O próprio Moro é alvo de processos no CNJ, todos movidos por integrantes do PT. Um deles questiona a decisão do juiz de tornar pública, a seis dias do primeiro turno, parte da delação premiada do ex-ministro Antonio Palocci. Para os autores – os deputados federais Paulo Pimenta, Paulo Teixeira e Wadih Damous –, houve “escancarada tentativa de tumultuar o processo eleitoral, por quem tem (ou deveria ter) o dever constitucional de preservá-lo”.
Ao CNJ, Moro respondeu dizendo que “agentes do Partido dos Trabalhadores” buscam “criminalizar a atividade jurisdicional” e “cercear a atuação independente da Justiça através de ofensas, mentiras e representações disciplinares”. O Conselho ainda irá julgar o caso. Para o jornalista Elio Gaspari, porém, o juiz “ofendeu a neutralidade da Justiça”.

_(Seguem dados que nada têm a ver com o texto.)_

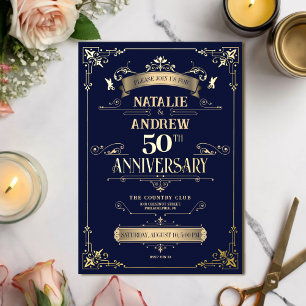 Elegant Royal Navy Gold Glamorous Glitter Foil Invitation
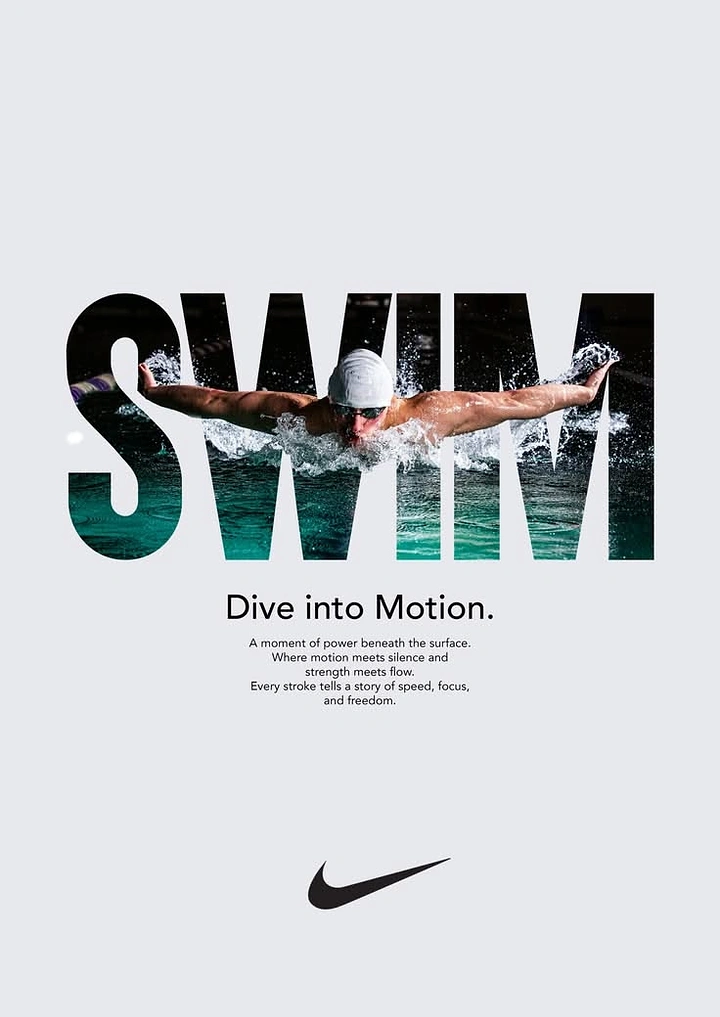 Creative ad: Butterfly-stroke swimmer seen through giant letterforms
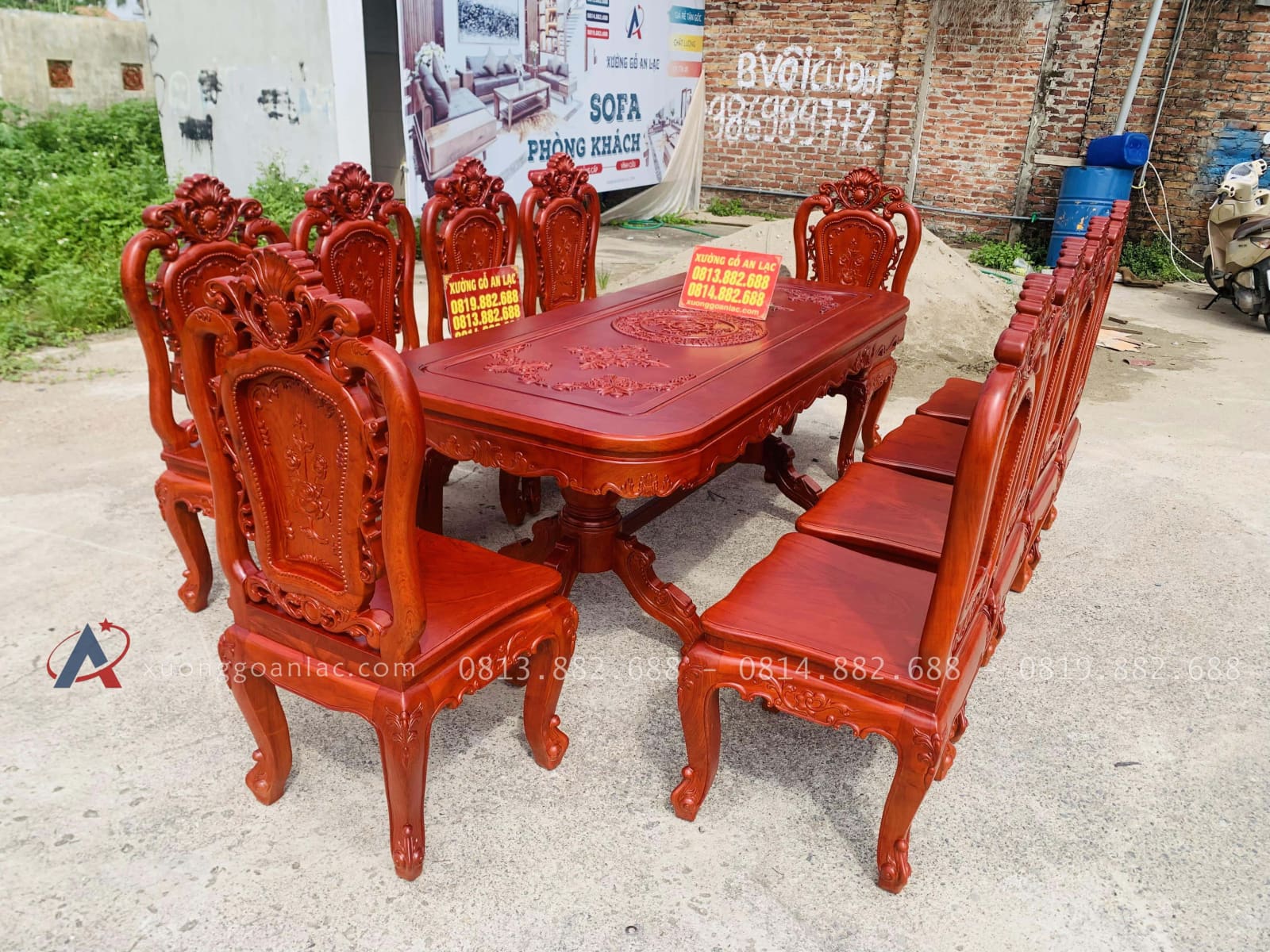 Bộ bàn ăn chữ nhật bo góc 10 ghế hồng hạt gỗ hương đá (Chú Thế, Cần Thơ) 26 mẫu bàn ăn chữ nhật vuông góc 10 ghế hồng hạt gỗ hương đá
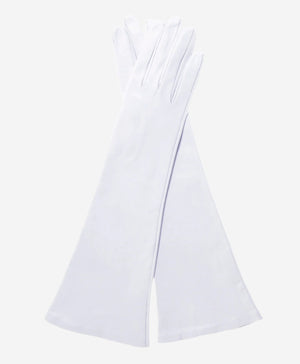 Angelina (ivory) - Italian silk lined 6-button length leather bridal / opera gloves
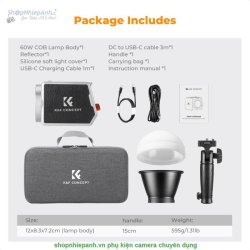 thumbnail Combo 2 cây Led K&F concept PL-60B 60W và softbox Parabolic 40cm - 3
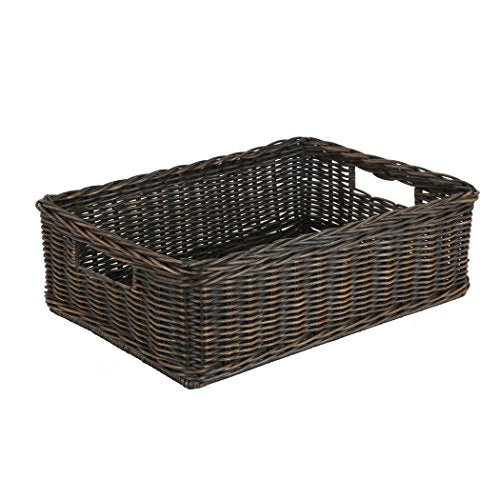 The Basket Lady Underbed Wicker Storage Basket, M, Walnut Brown - color: Antique Walnut Brown, size: Medium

Antes mesmo de Moro responder ao convite informal feito pelo presidente eleito, o Intercept pediu ao CNJ que se manifestasse a respeito da nota emitida pelo juiz de Curitiba para saudar a eleição do ex-militar de ultradireita. Ainda esperamos a resposta.
Ao juiz, perguntamos se a nota de congratulações também viria a público se o eleito fosse o petista Fernando Haddad (segundo a repórter Cleide Carvalho, de O Globo, é provável que não), e por que ele mudou de ideia em relação a agosto, quando afirmou que não se manifestaria sobre outro convite para ser ministro – de Alvaro Dias, do Podemos – pois “a recusa ou a aceitação poderiam ser interpretadas como indicação de preferências políticas partidárias, o que é vedado para juízes”.
Assim como quando divulgou a delação de Palocci, Moro julgou-se dispensado da obrigação de prestar contas de seus atos à opinião pública. Também calado, o CNJ finge que não vê os saracoteios políticos do astro da toga paranaense.